Required work —
Transcribe the records below exactly, from their first line through the line containing "Holy Spirit Rose". Omit every line after it.

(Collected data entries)
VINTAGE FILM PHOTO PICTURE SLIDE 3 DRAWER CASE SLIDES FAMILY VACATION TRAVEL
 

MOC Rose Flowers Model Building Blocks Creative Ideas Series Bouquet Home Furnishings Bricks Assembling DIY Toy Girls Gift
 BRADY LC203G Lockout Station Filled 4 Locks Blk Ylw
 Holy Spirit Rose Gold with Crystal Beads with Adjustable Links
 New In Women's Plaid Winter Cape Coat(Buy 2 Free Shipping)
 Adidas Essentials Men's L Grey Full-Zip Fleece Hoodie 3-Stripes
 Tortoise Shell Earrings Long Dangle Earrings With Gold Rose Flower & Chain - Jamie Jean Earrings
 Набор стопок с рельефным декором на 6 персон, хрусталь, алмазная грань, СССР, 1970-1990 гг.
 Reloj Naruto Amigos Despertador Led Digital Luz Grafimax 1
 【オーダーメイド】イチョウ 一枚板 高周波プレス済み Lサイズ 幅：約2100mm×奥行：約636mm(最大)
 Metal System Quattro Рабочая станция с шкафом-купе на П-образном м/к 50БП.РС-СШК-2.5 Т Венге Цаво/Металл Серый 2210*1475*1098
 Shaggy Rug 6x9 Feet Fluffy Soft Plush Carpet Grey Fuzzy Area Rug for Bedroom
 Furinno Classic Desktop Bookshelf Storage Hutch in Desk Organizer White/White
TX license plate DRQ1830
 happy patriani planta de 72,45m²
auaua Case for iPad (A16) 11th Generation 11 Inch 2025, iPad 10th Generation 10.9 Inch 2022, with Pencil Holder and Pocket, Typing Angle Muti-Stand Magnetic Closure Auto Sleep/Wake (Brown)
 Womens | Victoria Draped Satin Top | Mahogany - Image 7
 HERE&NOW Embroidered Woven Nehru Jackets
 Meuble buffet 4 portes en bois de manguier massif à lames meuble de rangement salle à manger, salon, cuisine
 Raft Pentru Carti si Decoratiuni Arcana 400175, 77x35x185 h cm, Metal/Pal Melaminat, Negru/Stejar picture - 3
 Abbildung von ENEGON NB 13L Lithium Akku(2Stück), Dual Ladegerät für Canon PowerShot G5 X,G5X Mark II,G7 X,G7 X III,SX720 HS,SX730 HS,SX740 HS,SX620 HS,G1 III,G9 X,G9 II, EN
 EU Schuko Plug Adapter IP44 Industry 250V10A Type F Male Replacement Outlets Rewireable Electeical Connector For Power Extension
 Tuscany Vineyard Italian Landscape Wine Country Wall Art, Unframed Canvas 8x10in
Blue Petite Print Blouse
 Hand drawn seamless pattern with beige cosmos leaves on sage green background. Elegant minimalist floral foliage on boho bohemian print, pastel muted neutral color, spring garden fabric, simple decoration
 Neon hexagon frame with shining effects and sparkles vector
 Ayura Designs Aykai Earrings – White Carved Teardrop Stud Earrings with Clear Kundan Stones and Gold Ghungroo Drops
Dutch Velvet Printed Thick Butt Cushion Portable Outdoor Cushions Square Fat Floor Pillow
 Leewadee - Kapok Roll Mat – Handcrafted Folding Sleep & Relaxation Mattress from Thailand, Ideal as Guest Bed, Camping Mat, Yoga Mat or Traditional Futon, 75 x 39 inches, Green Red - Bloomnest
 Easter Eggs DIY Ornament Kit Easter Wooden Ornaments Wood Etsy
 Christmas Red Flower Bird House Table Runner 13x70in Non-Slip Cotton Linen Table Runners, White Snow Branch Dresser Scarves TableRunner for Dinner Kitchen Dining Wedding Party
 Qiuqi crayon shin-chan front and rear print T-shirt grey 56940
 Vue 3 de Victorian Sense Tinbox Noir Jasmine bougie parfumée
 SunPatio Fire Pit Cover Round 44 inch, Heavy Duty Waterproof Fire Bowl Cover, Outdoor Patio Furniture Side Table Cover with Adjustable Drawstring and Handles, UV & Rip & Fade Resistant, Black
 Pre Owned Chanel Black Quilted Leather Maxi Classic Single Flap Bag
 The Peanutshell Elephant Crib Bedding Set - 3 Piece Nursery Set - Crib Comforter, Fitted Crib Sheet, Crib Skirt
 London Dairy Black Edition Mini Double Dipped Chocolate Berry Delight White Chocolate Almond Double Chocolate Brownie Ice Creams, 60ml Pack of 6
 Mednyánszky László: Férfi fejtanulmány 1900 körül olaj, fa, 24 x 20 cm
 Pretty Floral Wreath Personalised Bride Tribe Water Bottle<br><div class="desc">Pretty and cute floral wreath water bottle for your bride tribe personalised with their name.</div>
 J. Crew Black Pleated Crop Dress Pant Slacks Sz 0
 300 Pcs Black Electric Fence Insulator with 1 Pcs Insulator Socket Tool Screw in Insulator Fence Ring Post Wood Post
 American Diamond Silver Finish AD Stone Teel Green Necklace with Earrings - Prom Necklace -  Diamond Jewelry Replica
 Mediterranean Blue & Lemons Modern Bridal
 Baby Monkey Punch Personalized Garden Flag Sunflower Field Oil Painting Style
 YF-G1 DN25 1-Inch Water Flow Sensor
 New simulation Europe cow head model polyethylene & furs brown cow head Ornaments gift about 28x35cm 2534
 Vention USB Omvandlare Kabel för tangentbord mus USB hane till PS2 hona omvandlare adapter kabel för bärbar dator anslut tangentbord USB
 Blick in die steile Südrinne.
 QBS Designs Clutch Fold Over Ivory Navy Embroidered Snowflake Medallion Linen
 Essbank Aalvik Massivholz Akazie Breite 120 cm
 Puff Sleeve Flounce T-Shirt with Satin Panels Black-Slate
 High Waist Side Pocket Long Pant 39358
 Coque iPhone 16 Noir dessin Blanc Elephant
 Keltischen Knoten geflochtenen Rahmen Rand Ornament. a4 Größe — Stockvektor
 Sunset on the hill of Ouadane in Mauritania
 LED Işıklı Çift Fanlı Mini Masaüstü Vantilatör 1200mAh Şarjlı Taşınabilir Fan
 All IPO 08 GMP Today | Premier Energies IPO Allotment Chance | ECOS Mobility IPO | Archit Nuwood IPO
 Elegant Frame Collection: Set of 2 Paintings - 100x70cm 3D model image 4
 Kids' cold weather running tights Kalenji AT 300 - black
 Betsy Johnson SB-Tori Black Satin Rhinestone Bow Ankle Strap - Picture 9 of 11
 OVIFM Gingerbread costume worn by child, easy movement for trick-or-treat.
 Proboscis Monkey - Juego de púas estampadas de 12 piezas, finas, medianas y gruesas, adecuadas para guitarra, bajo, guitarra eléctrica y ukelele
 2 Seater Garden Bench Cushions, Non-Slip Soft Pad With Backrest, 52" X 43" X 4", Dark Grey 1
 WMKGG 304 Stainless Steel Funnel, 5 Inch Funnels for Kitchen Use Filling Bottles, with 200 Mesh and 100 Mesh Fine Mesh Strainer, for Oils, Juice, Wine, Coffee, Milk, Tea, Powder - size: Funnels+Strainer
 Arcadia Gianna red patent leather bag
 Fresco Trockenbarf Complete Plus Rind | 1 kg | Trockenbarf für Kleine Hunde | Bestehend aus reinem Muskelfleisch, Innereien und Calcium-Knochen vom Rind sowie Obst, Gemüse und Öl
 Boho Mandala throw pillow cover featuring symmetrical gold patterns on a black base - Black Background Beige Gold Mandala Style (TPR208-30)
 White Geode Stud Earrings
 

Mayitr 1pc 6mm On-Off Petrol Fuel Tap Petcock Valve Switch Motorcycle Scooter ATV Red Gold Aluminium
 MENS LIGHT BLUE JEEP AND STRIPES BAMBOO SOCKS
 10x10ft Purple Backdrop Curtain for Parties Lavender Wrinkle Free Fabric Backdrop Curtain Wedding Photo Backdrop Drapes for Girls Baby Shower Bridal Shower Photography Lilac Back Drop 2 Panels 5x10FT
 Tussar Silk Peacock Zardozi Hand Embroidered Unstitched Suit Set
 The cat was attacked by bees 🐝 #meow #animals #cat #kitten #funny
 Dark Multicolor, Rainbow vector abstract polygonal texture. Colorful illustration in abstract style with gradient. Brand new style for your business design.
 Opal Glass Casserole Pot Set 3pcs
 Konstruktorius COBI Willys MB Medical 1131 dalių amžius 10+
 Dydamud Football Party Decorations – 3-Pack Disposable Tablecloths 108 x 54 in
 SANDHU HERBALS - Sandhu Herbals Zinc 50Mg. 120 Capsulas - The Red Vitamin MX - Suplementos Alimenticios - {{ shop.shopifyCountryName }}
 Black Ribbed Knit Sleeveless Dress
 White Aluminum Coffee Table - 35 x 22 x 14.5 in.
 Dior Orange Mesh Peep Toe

Result of this task —
VINTAGE FILM PHOTO PICTURE SLIDE 3 DRAWER CASE SLIDES FAMILY VACATION TRAVEL
 

MOC Rose Flowers Model Building Blocks Creative Ideas Series Bouquet Home Furnishings Bricks Assembling DIY Toy Girls Gift
 BRADY LC203G Lockout Station Filled 4 Locks Blk Ylw
 Holy Spirit Rose Gold with Crystal Beads with Adjustable Links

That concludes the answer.